[Exercise directions]: From the data below, copy exactly the lines that lie between the one holding "Table X Copper Tube (1M x 15mm)" and the one holding "Karl Kani T-Shirt", including both, and nothing more.

[Exercise input]:
++++++++++++++++++++
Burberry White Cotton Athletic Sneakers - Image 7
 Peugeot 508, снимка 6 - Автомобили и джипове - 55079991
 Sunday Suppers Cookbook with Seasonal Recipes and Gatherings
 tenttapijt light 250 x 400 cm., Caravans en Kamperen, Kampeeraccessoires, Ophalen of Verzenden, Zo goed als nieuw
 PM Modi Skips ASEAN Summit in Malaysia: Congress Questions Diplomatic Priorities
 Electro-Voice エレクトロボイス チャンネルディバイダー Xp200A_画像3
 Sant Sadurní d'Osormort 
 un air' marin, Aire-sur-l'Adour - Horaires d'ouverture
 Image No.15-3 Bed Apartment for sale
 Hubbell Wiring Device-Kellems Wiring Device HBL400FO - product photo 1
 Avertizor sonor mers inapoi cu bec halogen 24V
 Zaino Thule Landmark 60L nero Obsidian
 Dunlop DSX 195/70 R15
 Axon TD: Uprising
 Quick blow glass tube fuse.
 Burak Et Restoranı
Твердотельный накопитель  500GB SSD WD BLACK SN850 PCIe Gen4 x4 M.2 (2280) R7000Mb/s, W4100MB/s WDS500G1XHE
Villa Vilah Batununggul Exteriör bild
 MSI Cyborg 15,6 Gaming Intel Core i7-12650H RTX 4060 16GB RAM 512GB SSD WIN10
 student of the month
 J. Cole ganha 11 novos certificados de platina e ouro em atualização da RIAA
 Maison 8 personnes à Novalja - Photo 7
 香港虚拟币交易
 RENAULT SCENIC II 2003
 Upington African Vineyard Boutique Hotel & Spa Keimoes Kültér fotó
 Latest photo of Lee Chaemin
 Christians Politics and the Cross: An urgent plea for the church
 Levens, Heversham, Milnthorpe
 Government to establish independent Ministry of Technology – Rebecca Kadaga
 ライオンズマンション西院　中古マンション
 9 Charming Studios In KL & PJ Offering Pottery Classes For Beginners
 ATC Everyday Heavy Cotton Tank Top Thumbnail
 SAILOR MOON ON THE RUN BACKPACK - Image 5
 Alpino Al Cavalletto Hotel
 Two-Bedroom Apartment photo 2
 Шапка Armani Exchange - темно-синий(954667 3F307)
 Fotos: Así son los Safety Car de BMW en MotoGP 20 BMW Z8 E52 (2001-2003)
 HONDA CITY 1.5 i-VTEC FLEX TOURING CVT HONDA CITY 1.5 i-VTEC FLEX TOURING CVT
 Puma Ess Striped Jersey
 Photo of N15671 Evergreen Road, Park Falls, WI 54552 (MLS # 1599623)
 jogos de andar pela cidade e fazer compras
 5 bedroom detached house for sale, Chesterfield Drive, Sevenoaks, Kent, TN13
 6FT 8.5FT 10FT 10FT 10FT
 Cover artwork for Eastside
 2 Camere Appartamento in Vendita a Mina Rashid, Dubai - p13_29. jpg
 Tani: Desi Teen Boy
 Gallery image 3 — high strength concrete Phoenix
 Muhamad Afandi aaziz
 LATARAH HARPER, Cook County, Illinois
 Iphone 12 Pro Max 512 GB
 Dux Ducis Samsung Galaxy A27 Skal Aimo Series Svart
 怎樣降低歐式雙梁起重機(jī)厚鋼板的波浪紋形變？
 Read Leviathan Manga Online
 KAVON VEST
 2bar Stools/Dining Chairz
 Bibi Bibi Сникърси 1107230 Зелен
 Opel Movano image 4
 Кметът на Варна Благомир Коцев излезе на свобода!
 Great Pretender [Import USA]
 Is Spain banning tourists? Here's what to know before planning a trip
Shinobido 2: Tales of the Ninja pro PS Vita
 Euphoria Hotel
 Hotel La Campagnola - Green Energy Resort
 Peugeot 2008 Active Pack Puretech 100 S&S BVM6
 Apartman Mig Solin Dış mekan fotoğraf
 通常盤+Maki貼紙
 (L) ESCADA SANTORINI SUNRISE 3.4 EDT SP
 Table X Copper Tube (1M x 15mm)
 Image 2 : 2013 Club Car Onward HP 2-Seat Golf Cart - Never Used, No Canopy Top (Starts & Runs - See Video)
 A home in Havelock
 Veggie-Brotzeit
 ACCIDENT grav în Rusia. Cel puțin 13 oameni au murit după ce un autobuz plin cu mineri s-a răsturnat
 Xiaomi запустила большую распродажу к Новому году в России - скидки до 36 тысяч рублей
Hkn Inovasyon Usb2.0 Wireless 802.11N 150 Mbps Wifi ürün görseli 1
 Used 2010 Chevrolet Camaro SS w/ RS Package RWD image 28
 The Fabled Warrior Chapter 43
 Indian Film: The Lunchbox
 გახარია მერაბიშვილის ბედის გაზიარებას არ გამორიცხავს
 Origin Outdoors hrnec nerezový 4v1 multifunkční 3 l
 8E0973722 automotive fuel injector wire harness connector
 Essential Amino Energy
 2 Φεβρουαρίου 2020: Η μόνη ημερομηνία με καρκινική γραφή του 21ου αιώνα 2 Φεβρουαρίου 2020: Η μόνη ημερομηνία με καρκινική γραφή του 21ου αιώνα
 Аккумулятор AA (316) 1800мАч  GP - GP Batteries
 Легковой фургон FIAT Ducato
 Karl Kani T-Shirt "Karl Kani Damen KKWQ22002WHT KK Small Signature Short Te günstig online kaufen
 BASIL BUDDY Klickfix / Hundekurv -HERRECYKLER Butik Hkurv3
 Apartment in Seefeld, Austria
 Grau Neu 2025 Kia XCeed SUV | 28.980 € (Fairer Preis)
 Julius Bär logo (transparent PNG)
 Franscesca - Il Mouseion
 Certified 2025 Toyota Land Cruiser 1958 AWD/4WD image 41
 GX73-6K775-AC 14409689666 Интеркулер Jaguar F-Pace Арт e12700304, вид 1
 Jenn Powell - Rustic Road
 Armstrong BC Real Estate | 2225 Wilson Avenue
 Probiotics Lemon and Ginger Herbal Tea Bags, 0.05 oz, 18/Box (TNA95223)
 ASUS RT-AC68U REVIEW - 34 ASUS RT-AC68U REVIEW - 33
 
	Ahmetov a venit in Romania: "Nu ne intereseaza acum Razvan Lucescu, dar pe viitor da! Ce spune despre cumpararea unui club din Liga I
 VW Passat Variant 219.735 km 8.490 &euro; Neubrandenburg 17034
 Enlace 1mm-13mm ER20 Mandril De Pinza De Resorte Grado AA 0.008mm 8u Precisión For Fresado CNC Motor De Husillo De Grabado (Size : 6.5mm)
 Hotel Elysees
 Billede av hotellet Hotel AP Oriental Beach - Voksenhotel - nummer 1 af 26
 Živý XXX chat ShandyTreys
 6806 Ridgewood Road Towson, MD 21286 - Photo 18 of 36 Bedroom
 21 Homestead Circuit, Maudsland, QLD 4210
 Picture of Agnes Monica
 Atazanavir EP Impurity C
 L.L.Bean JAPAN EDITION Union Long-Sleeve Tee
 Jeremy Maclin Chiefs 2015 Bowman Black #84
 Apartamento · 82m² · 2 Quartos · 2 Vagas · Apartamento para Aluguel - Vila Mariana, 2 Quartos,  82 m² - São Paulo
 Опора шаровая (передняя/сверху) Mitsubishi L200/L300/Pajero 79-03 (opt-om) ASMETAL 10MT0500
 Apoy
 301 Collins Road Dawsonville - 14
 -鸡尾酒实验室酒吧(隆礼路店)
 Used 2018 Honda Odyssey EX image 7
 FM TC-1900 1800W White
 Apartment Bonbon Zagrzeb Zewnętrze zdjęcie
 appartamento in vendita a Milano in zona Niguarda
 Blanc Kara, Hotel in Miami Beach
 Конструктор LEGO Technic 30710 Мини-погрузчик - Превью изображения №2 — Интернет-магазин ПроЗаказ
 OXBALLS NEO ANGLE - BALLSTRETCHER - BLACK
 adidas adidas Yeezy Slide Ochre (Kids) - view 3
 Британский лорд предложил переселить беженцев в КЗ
++++++++++++++++++++
[Exercise answer]:
 Table X Copper Tube (1M x 15mm)
 Image 2 : 2013 Club Car Onward HP 2-Seat Golf Cart - Never Used, No Canopy Top (Starts & Runs - See Video)
 A home in Havelock
 Veggie-Brotzeit
 ACCIDENT grav în Rusia. Cel puțin 13 oameni au murit după ce un autobuz plin cu mineri s-a răsturnat
 Xiaomi запустила большую распродажу к Новому году в России - скидки до 36 тысяч рублей
Hkn Inovasyon Usb2.0 Wireless 802.11N 150 Mbps Wifi ürün görseli 1
 Used 2010 Chevrolet Camaro SS w/ RS Package RWD image 28
 The Fabled Warrior Chapter 43
 Indian Film: The Lunchbox
 გახარია მერაბიშვილის ბედის გაზიარებას არ გამორიცხავს
 Origin Outdoors hrnec nerezový 4v1 multifunkční 3 l
 8E0973722 automotive fuel injector wire harness connector
 Essential Amino Energy
 2 Φεβρουαρίου 2020: Η μόνη ημερομηνία με καρκινική γραφή του 21ου αιώνα 2 Φεβρουαρίου 2020: Η μόνη ημερομηνία με καρκινική γραφή του 21ου αιώνα
 Аккумулятор AA (316) 1800мАч  GP - GP Batteries
 Легковой фургон FIAT Ducato
 Karl Kani T-Shirt "Karl Kani Damen KKWQ22002WHT KK Small Signature Short Te günstig online kaufen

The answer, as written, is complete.